Do refleksji skłania też "Sukienka" Tadeusza Łysiaka o poszukiwaniu miłości przez karlicę Julię (Anna Dzieduszycka). Kobieta w końcu zyskuje szansę na realizację swoich pragnień, ale jej inność nie pozwala o sobie zapomnieć. Obraz intryguje nie tylko samą fabułą, ale też zdjęciami. Ich autor Konrad Bloch został wyróżniony zarówno na Festiwalu Polskich Filmów Fabularnych, jak i na prestiżowym festiwalu sztuki operatorskiej Energa Camerimage.
Wizualnie zachwyca też "Noamia" Antonia Galdameza. To film o wielkim poczuciu samotności, ucieczce przed sobą i swoją prawdziwą tożsamością. Świetne, sensualne zdjęcia, dobór muzyki i aktorów z przejmującą rolą Bartosza Topy na czele, długo nie dają o sobie zapomnieć.
Nie dziwi, że tegoroczne jury festiwalu w Gdyni postanowiło najwyższym laurem w Konkursie Filmów Krótkometrażowych uhonorować debiut reżyserski Olgi Bołądź. "Alicja i żabka" to inspirowana prawdziwymi wydarzeniami historia 14-latki, której odmówiono wykonania aborcji.
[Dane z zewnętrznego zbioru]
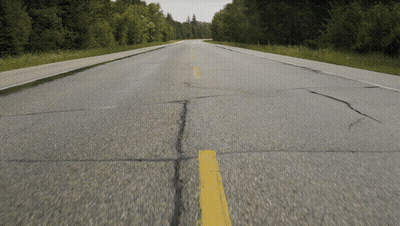 An Empty Road With A Yellow Line On The Side GIF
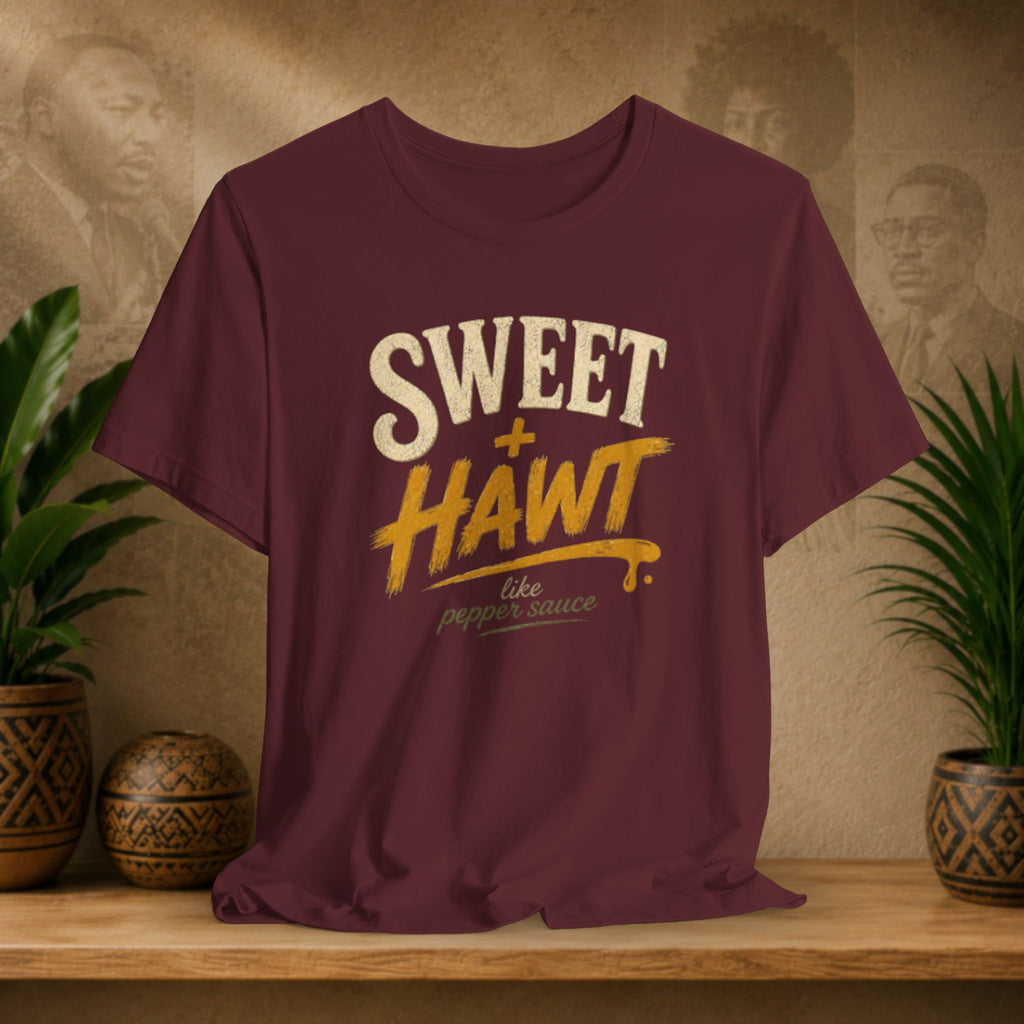 A maroon short-sleeve graphic T-shirt displayed on a wooden surface, with a warm beige wall and potted plants in the background. The shirt features a distressed graphic reading 'SWEET + HAWT like pepper sauce' in cream and yellow lettering.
Trudno w dzisiejszych czasach o bardziej aktualny temat polskiego filmu.
Mimo że 45. edycja FPFF zostanie zapamiętana jako ta, na której zabrakło miejsca dla widzów i solidarności środowiska filmowego, jej największym plusem jest silna obecność w programie online filmów mikrobudżetowych i krótkometrażowych. Dzięki nim pojawiła się nadzieja, że w świecie filmu najważniejsze nie są pieniądze, angaż popularnych aktorów czy cenionych reżyserów, ale pasja i kreatywność.
Jeśli polskie kino będzie zmierzać w kierunku wyznaczonym przez młodych twórców, to czeka je rewolucja, której bardzo potrzebuje. Oby jej owoce były bezkompromisowe, odważne i porywające tak, jak tegoroczny zestaw gdyńskich produkcji drugiej kategorii.